Friday, June 3, 2022

Summer of Soul (2021, PG-13)

This is a really wonderful documentary. It contains a treasure trove of footage from “Black Woodstock,” the 1969 Harlem Cultural Festival that featured many of the greatest Black artists of the day on the same stage. But it won the Oscar for Best Documentary this year, not just for the incredible footage it brings to light, but for how it contextualizes it in both the past and present.

In the 1960s, a man named Tony Lawrence realized a dream of putting on an enormous music festival in Harlem’s Mount Morris Park. Enlisting some of the biggest names in Black music, the 1969 festival covered six consecutive weekends and drew over 300,000 concertgoers. It featured the likes of Stevie Wonder, Sly and the Family Stone, the 5th Dimension, Nina Simone, Mahalia Jackson, and many, many more.

As director/Oscar winner(!) Questlove discussed with Trevor Noah when he appeared on The Daily Show, the story is vital beyond the priceless footage it shows of so many brilliant artists sharing the stage together, footage that sat untouched for 50 years and was all but forgotten. It’s also vital for the exquisite display of Black joy and community on the screen. Alongside the footage of the musical performances is shot after shot of the throng of festival attendees, everyone from teens and 20-somethings to parents with little kids to older folks in their Sunday best. The people sing and dance together, their eyes glued to the stage. The 1960s are considered a time of strife and struggle in Black history, protesters getting beaten as they march for their rights, bombs going off in Alabama churches, but this is the Black history of 1969 too, a massive crowd of Black folks coming together in celebration of their music and culture.

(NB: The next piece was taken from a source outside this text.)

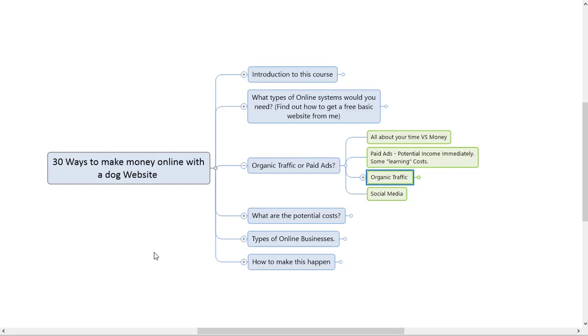Eight minutes is enough, done with traffic. Let's go down to the next one which is what are the potential costs. I'll catch you in that video, cheers.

The documentary arranges itself along loose themes. A number of the gospel singers, for instance, are grouped together, while another section looks at African and Afrolatino performers and another explores words of activism on the stage. Archive footage and news clips from outside the festival are brought it to add context: the uprisings after the assassination of Martin Luther King, Jr. the previous year, the evolving style of Black hair and fashion in the ‘60s, the moon landing (which took place in the middle of the festival.) It covers a lot of different ideas while still revolving around the festival itself. So many interesting, culturally-specific details, like the fact that the Black Panthers volunteered to run security when Lawrence wasn’t sure if the police would cover the festival, or the attendee who, looking back, remembers feeling “powerful” when she saw that Sly Stone’s trumpet player was a Black woman.

It’s beautiful to watch the footage and fascinating to see the documentary shade in the history around it. I also really love the present-day interviews with people who were there, a number of attendees along with some of the performers. What makes these interviews extra-special is the way the participants comment as they themselves are watching the footage, seeing those magical days from 50 years ago live again before their eyes.

Warnings

Language, sensuality, discussion of violence, smoking/drug use, and thematic elements.